Ltac2 local2ptree - Githubissues

MSoegtropIMC commented 10 months ago

This PR replaces local2ptree with a version written in Ltac2 which is much faster (in measurements about 100x for a case with about 60 local variables).

The difference in make test is anyway quite small (1..2%) - the time of local2ptree is more visible in developments with many local variables.

Here are the make test times for the old and new version.

make -j 8 test  209.18s user 8.87s system 393% cpu 55.419 total
make -j 8 test  206.72s user 8.51s system 397% cpu 54.148 total

MSoegtropIMC commented 10 months ago

One note: I am using lazy instead of cbv here because it can be faster at Qed times - at tactic time it should not make much of a difference.

andrew-appel commented 10 months ago

I suggest: Add a brief comment just before the Std.lazy line (if that's the right place?), saying ( use lazy instead of cbv because Qed can be faster )

andrew-appel commented 10 months ago

I suggest, at line 71 augment your comment with, "Normally this makes a significant but small improvement in performance; but when there are many local variables (e.g. 60) it makes a huge difference."

JasonGross commented 9 months ago

One note: I am using lazy instead of cbv here because it can be faster at Qed times - at tactic time it should not make much of a difference.

I don't understand this comment. The difference between lazy and cbv is that lazy uses the same algorithm for reduction that Qed / the kernel uses, while cbv uses a different algorithm. But both tactics leave exactly the same trace in the proof term (a cast node with, I think, the post-reduction term (though it may be the pre-reduction term, I don't recall)), and regardless of which one you do, Qed / the kernel will always use the lazy algorithm. So any difference you see between lazy and cbv at Qed-time should just be noise.

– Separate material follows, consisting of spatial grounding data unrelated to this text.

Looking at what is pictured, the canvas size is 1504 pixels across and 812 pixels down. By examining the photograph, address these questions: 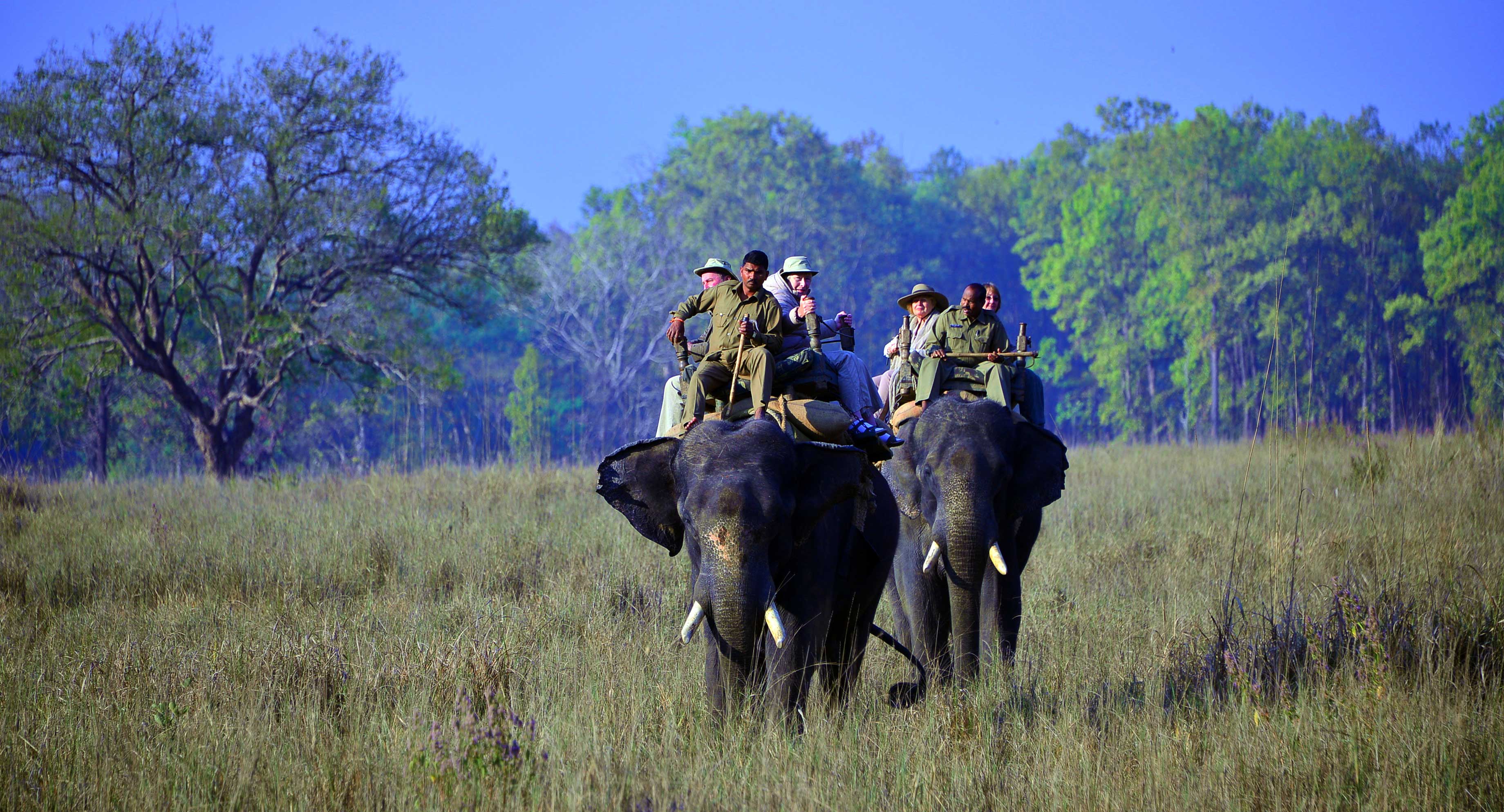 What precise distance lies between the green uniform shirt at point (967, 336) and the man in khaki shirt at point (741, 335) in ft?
7.65

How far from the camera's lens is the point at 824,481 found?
17.4 ft

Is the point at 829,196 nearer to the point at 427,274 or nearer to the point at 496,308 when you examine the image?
the point at 496,308

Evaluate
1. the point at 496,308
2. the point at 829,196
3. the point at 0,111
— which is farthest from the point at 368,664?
the point at 829,196

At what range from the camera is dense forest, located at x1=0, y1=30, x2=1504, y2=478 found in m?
20.5

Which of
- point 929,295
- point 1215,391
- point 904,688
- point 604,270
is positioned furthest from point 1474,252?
point 904,688

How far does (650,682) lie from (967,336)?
3.74 metres

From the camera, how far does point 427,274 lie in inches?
934

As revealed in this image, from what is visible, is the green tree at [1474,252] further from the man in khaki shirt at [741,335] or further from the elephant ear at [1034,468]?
the man in khaki shirt at [741,335]

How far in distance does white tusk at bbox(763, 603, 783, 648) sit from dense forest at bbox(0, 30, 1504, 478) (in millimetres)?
2837

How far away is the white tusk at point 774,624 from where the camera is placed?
4.61 meters

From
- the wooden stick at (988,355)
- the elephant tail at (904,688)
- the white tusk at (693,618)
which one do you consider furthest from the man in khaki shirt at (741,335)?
the wooden stick at (988,355)

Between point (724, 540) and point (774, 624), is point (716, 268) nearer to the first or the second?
point (724, 540)

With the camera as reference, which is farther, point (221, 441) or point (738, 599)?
point (221, 441)

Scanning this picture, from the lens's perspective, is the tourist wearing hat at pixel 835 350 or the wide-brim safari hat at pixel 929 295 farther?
the wide-brim safari hat at pixel 929 295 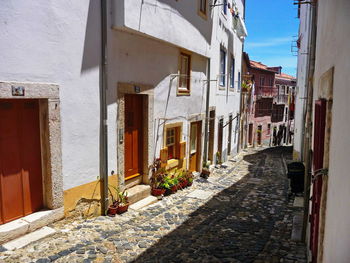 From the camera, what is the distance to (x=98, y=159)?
6.11 m

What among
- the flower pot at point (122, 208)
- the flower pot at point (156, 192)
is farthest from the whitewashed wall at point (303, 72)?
the flower pot at point (122, 208)

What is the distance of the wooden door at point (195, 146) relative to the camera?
11637 mm

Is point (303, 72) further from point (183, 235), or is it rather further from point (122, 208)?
point (122, 208)

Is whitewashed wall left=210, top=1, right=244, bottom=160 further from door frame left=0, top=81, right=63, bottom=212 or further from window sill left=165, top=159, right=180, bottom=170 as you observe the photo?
door frame left=0, top=81, right=63, bottom=212

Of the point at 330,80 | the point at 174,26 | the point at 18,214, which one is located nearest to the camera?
the point at 330,80

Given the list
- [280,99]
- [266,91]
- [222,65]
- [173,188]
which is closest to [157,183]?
[173,188]

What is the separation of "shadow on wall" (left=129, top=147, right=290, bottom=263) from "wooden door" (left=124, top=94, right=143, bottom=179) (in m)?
1.58

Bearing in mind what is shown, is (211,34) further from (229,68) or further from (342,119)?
(342,119)

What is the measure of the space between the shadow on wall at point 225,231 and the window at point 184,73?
3710mm

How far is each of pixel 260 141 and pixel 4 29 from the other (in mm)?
33266

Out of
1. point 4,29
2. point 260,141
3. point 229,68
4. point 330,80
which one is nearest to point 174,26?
point 4,29

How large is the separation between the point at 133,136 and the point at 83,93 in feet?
7.64

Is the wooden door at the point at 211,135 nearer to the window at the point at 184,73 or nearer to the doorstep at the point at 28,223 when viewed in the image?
the window at the point at 184,73

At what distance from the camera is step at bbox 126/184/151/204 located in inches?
285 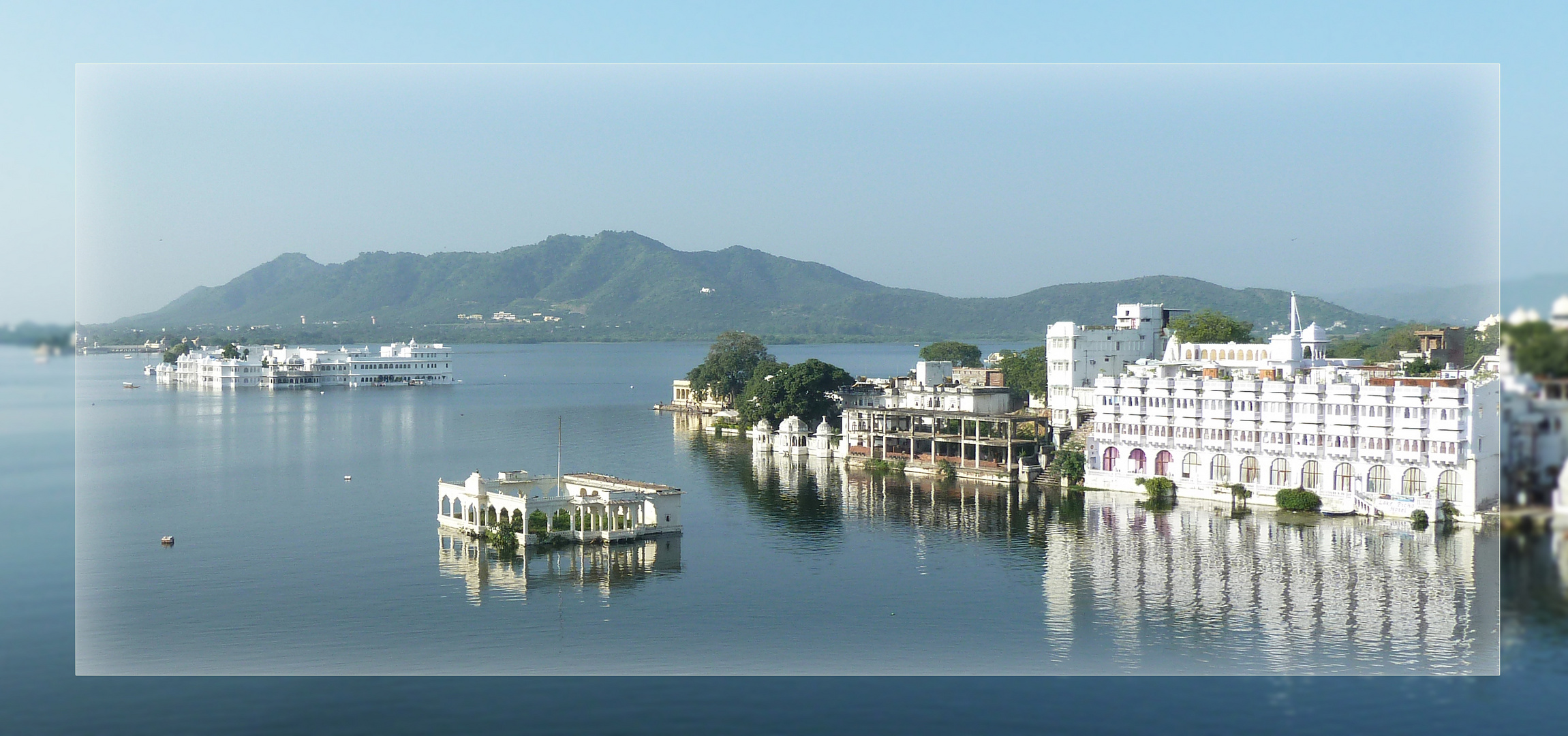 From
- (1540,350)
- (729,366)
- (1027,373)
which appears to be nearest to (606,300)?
(729,366)

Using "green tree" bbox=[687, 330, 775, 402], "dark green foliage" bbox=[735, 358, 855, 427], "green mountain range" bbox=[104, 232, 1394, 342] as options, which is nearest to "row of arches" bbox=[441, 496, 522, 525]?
"dark green foliage" bbox=[735, 358, 855, 427]

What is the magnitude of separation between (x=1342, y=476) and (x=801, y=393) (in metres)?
12.4

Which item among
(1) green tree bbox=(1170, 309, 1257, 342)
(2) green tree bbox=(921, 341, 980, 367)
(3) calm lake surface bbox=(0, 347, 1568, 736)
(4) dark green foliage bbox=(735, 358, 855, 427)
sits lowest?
(3) calm lake surface bbox=(0, 347, 1568, 736)

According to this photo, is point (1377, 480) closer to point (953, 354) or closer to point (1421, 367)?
point (1421, 367)

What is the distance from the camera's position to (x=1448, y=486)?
53.1 ft

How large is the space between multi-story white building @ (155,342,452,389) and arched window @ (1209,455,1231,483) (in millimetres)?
34361

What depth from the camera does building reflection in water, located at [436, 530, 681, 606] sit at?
13.4 meters

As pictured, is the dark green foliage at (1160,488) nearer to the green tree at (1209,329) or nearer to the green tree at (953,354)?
the green tree at (1209,329)

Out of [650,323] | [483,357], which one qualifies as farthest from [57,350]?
[650,323]

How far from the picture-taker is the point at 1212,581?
13461mm

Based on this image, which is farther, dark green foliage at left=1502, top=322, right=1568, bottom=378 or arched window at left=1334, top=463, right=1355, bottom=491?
arched window at left=1334, top=463, right=1355, bottom=491

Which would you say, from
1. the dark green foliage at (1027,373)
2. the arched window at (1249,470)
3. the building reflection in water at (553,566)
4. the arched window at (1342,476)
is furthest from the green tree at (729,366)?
the building reflection in water at (553,566)

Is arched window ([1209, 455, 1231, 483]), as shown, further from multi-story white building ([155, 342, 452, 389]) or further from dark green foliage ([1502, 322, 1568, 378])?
multi-story white building ([155, 342, 452, 389])

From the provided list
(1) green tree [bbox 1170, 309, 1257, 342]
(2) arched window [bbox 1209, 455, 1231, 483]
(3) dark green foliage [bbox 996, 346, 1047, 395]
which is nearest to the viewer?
(2) arched window [bbox 1209, 455, 1231, 483] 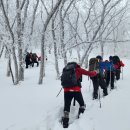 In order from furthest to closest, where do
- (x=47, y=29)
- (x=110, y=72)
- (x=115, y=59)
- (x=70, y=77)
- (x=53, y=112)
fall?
(x=47, y=29), (x=115, y=59), (x=110, y=72), (x=53, y=112), (x=70, y=77)

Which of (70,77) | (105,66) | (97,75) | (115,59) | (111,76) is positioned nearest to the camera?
(70,77)

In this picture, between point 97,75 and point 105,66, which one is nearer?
point 97,75

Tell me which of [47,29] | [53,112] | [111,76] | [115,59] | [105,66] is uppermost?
[47,29]

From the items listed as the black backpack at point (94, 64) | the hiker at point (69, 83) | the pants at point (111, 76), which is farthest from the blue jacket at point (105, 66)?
the hiker at point (69, 83)

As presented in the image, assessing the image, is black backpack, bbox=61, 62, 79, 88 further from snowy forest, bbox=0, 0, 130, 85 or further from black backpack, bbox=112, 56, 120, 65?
black backpack, bbox=112, 56, 120, 65

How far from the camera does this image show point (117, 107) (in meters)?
10.2

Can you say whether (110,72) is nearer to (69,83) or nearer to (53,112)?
(53,112)

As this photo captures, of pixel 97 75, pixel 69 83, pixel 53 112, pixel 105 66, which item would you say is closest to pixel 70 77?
pixel 69 83

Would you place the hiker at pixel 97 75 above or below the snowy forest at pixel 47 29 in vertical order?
below

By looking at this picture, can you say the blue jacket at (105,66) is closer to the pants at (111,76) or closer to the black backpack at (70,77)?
→ the pants at (111,76)

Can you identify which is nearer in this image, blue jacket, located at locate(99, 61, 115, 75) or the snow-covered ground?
the snow-covered ground

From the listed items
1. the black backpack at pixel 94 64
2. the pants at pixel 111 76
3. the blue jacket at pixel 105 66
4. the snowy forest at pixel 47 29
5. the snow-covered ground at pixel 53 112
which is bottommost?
the snow-covered ground at pixel 53 112

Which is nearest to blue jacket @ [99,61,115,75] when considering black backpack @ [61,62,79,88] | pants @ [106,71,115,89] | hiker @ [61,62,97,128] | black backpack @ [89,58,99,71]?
pants @ [106,71,115,89]

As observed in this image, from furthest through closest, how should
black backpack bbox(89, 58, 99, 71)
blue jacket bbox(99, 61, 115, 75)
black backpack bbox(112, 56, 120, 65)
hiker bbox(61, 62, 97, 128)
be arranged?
black backpack bbox(112, 56, 120, 65) < blue jacket bbox(99, 61, 115, 75) < black backpack bbox(89, 58, 99, 71) < hiker bbox(61, 62, 97, 128)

MSoegtropIMC commented 9 months ago

Regarding lazy vs. cbv: my (not very elaborate) understanding of this is that using lazy vs cbv doesn't make a difference if both deliver the same results, but it can make a substantial difference if the results are different, because then the result of lazy should be closer to the result of the kernel and require less unification effort. For partial evaluation with a restricted symbol list as done here, I believe it can well be that lazy and cbv give different results. I have difficulties providing examples for this, though, since lazy is less lazy that I would expect.

Anyway at some point I started to prefer lazy, but I can't exclude that this was caused by doing computations directly in hypothesis, which (afaik) doesn't leave an annotation.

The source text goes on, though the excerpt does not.